Convent SF alums include Sen. Diane Feinstein, and Nancy Pelosi’s daughter Alexandra was a few years ahead of me. Socialite Vanessa Getty went there too. In NY, Caroline Kennedy & Lady Gaga were “Convent girls.” I called it “the debutante school” under my breath. I hated my years at Convent, when I graduated I had a very “See you later suckers” mentality. I swore I would never see those people again.
As a kid says in the article: “You can do a lot of psychological damage to people by ignoring them for an extended period of time. For, like, four years.”
That was what my life was like in high school. I was alone. Some things you never get over: ski tags, pricey Italian vacations, beautiful clothes, things that come easily to your classmates that are impossible for you.
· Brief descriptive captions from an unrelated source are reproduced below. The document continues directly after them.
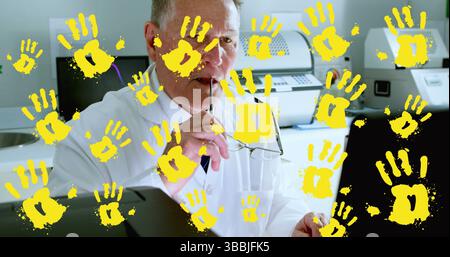Holding eyeglasses and pen, senior man in lab coat reviewing data in lab office, with printers Stock Photo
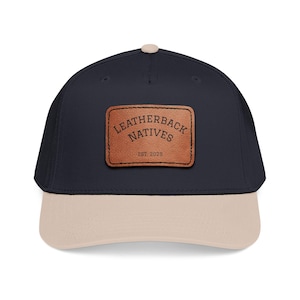 May include: A navy blue baseball cap with a beige peak and a brown leather patch. The patch reads "LEATHERBACK NATIVES" above "EST. 2025". The cap has a curved peak and a button on top.
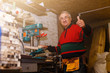 © Angelov - Carpenter works in a workshop for the production of vintage furniture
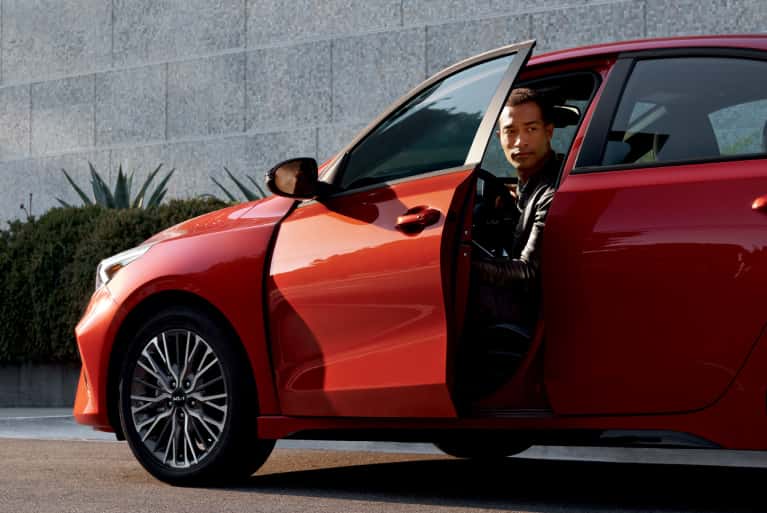 2024 Kia with a man opening the door and looking out 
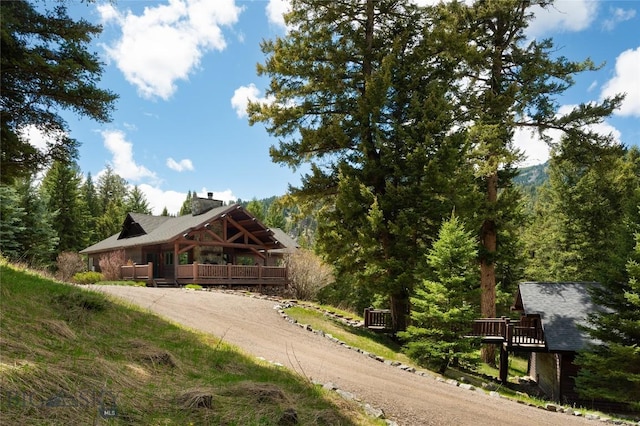 250 Petes Way, Big Sky, MT 59730 - view of front of property with dirt driveway and a deck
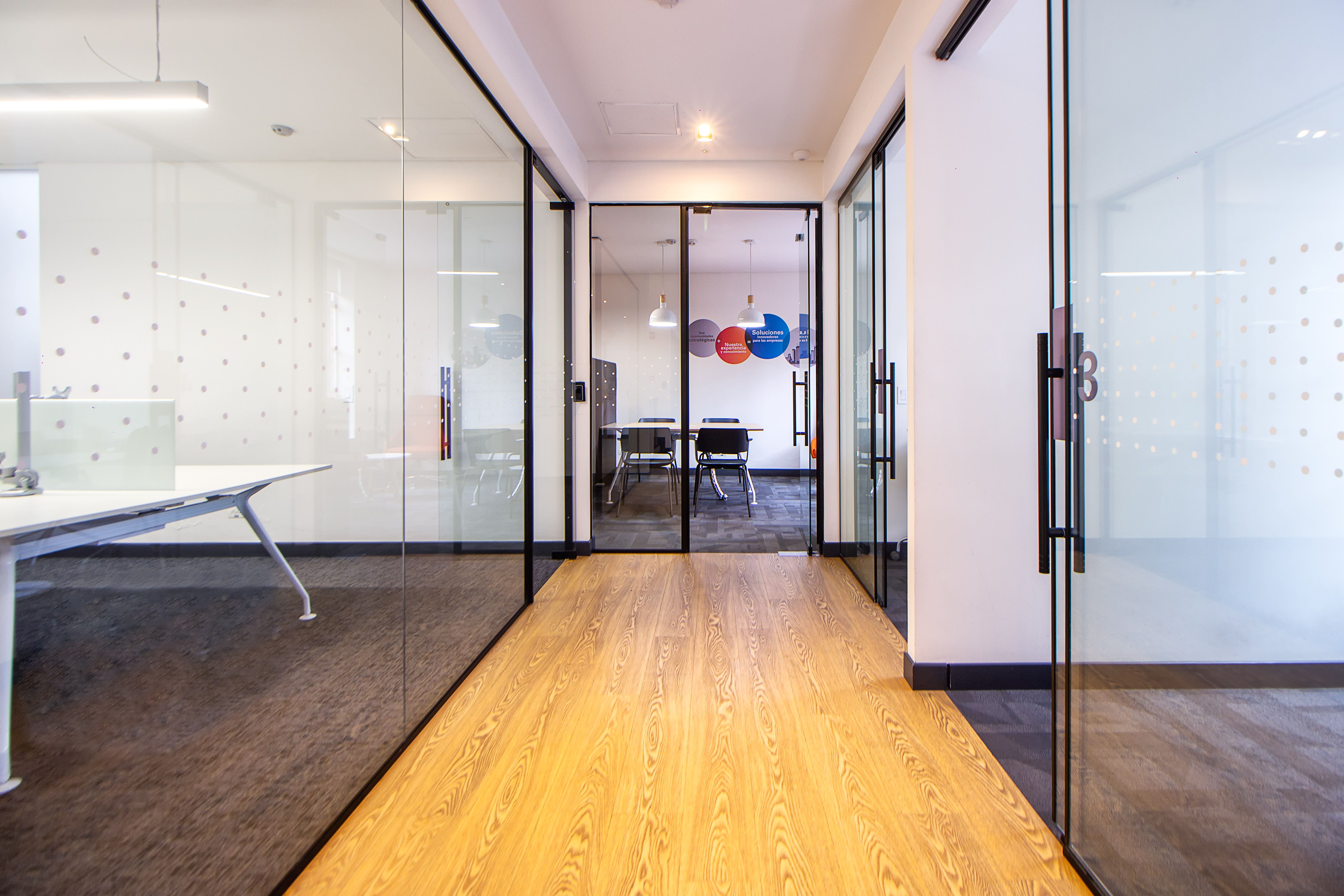 Bright modern office hallway with glass walls leading to a conference room.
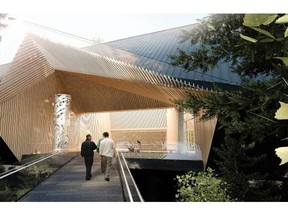 The main entrance to the Audain Art Museum is over a bridge to an entry porch ribbed with strips of Hemlock. The illuminated wood is intended to give the building a ‘warm glowing character,’ said architect John Patkau.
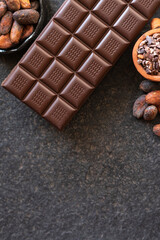 Chocolate, cocoa beans, cocoa slices on a black background
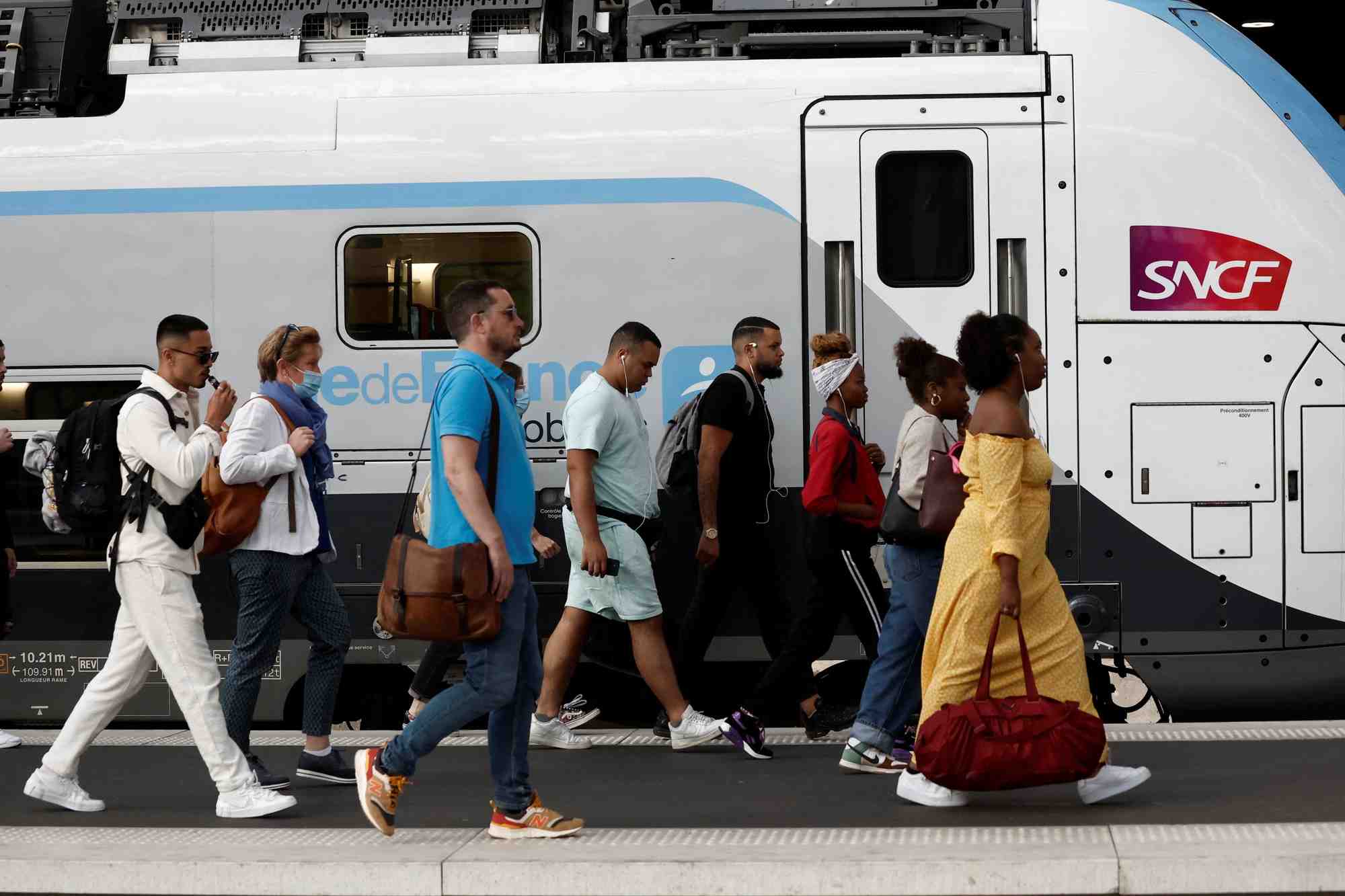Des voyageurs marchent sur une plateforme a la gare de lyon, a paris, en france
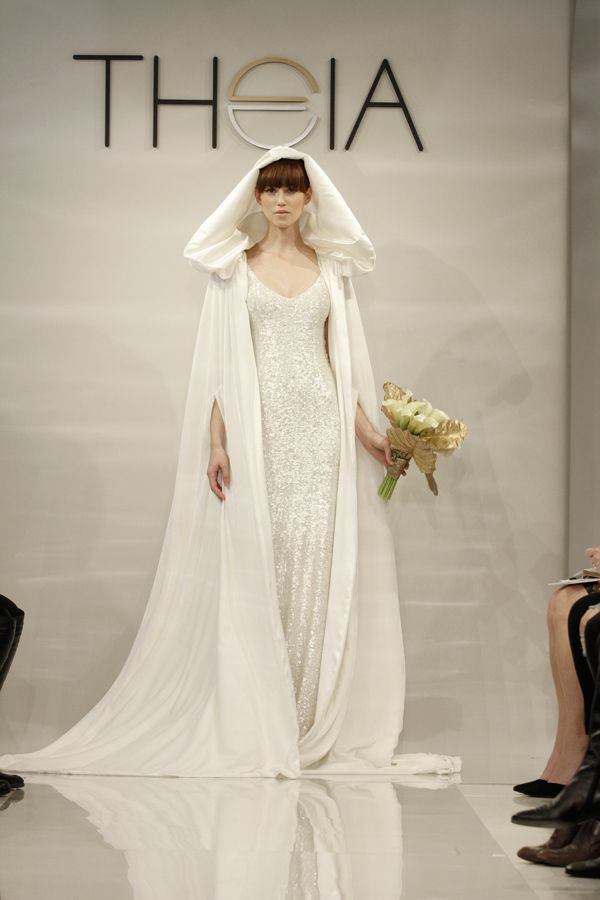 a woman in a white dress and veil walking down the runway with flowers on her head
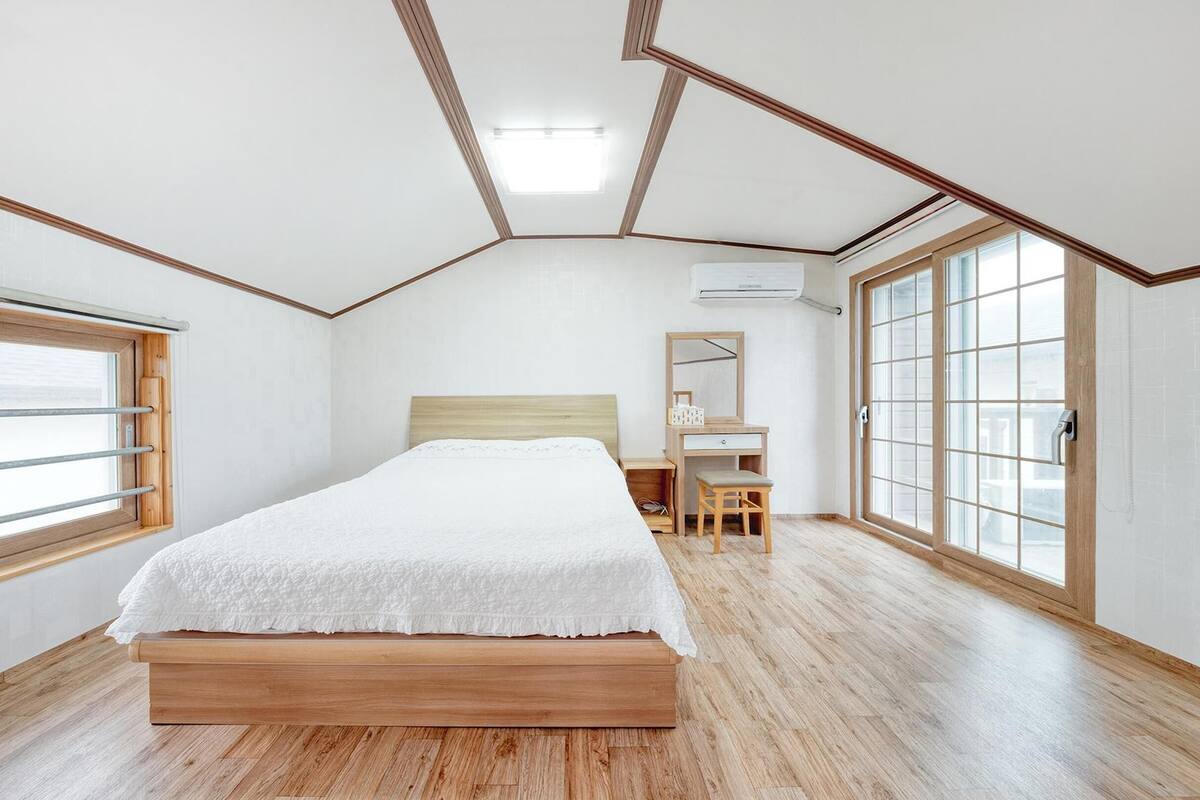 A bedroom with a wooden bed, a desk, and a chair, large windows, and an air conditioning unit.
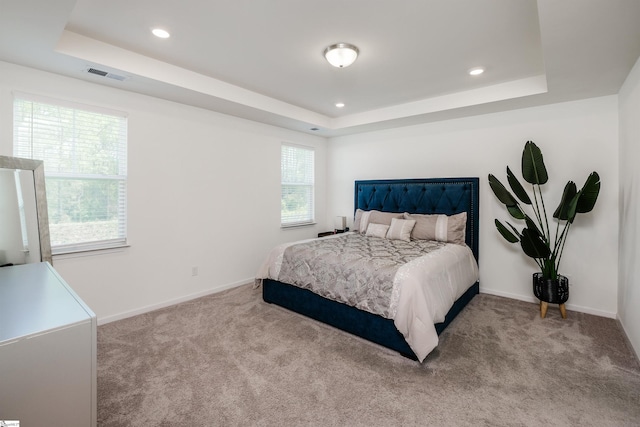 bedroom featuring carpet flooring, visible vents, a tray ceiling, and baseboards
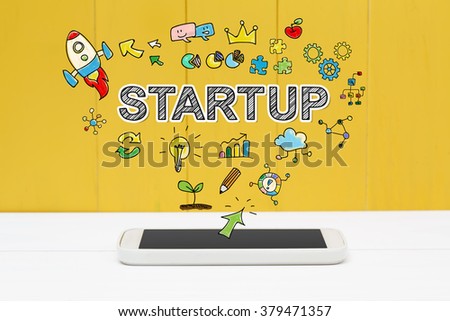 Start Up concept with smartphone on yellow wooden background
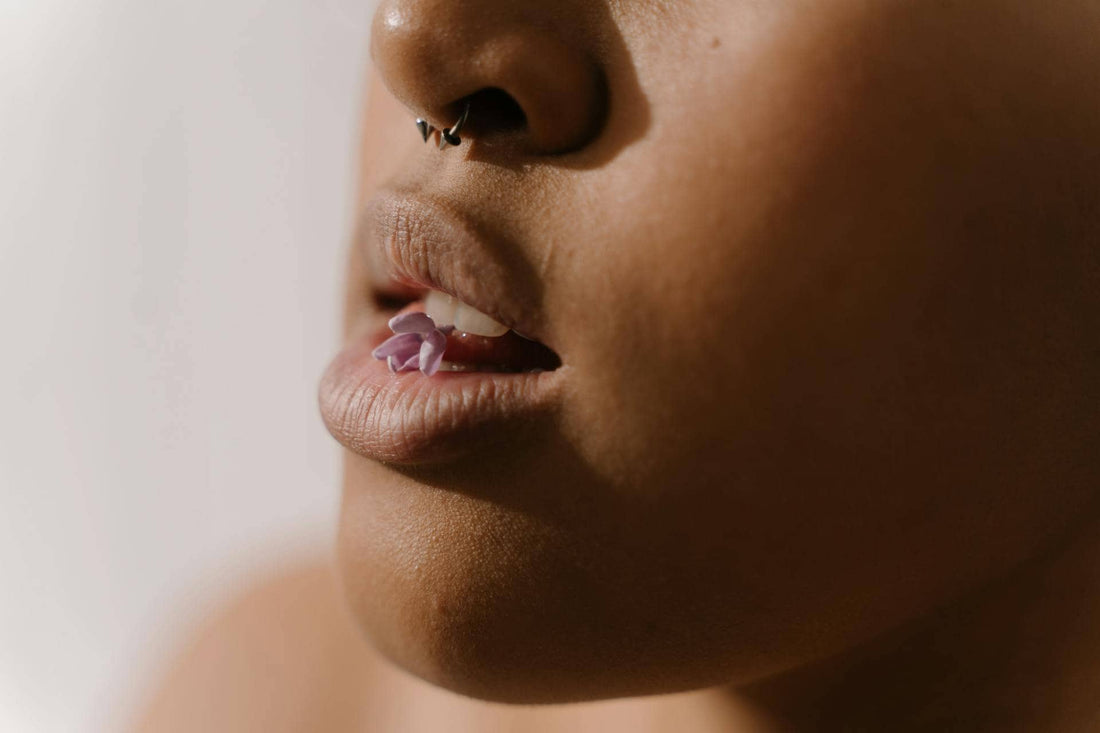 femme ayant un piercing et une fleur dans la bouche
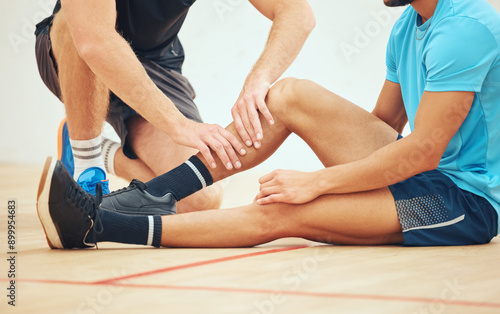 Injury, help and people in court, game and accident for playing in sports, training and practice. Suffering, sportsman and confident of tournament, squash player and exercise of team and athlete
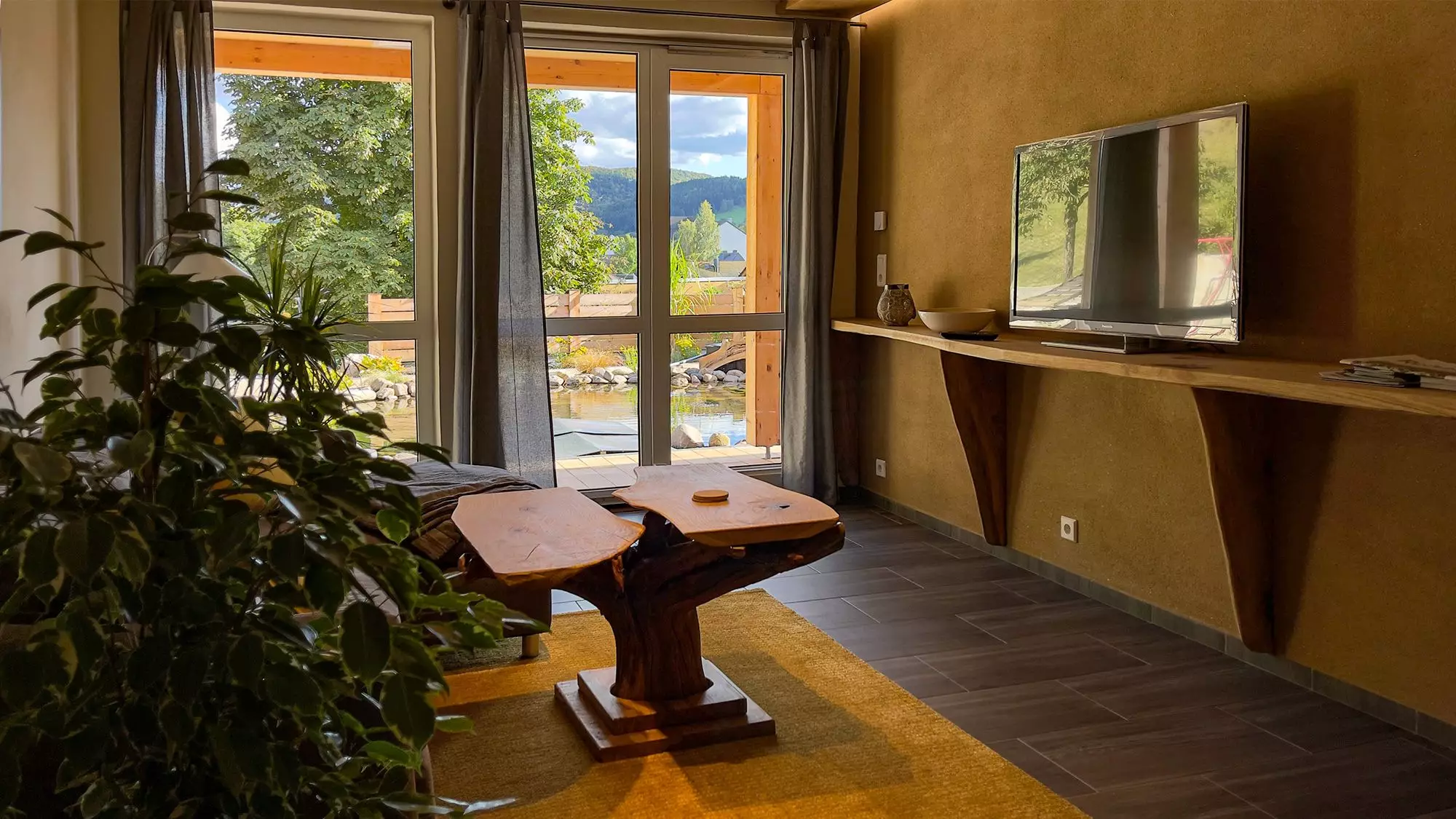 Wohnzimmer mit Holztisch und Smart TV mit Blick ins Grüne der Ferienwohnung Olbernhau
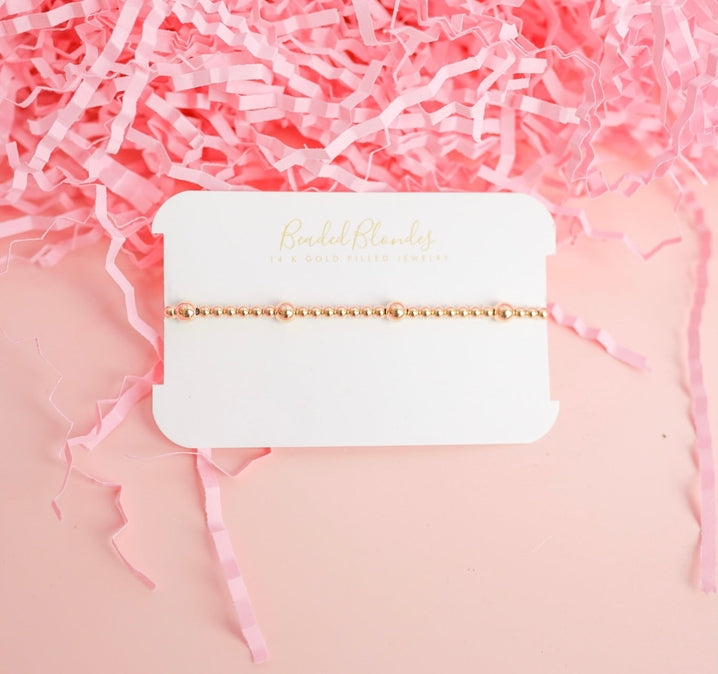 Gold basic bracelet featuring a simple chain link design with polished metal finish.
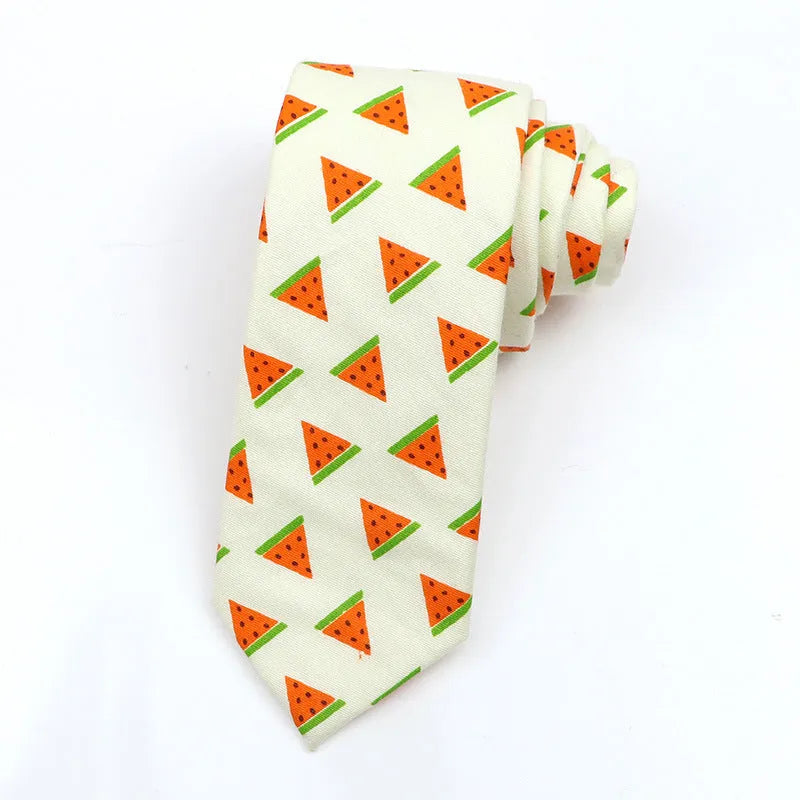 Narrow cotton bow tie with a printed cartoon pattern in a selection of colours.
In a way Columbia was even worse, because then the rich kids aren’t the ones ignoring you–in college, they were my best friends. My first week, my roommate, whom I adored, suggested we should go to Miami for the weekend–how fun would that be! It was only a thousand bucks. The amount of money that was supposed to last me the entire semester.
I made up for not having a similar allowance by racking up credit card debt and making my parents feel inadequate, throwing tantrums over why JUST THIS ONCE I couldn’t have a Calvin Klein coat that my friends had that I had found on sale for 70% off at the outlet –and was missing all its buttons–but I clutched that coat tightly to my chest and would not let it go and I am still ashamed at how my father grimaced when he saw the price.
I was supposed to be dutiful and disciplined and to take from the school my hard-earned diploma and try to convert it into a career and a life that would make my parents’ sacrifices worthwhile, but when I went to Columbia I wanted to be wild and carefree and beautiful and fun. I wanted to dance all night at clubs and smoke cigarettes and drink gin and tonics and be one of the girls who had it all–looks, smarts, the best parties.
What I want to say to these kids is that it’s worth it. One day you will look back at those four years in high school and you will feel a strange and surprising affection for the place, which gave you an amazing future.
I realize now how much that education meant for me, personally. I turned it into Blue Bloods, which changed my life. So much of what I learned at Convent went into that book–the cliques, the mannerisms, the attitudes of the students, as well as the history and art history lessons that was poured into me by my amazing teachers.
And NO ONE–not even those kids who look like they have it all–gets out of high school without some psychological damage. That’s what it’s for right? 🙂 Otherwise we wouldn’t have a whole genre devoted to it.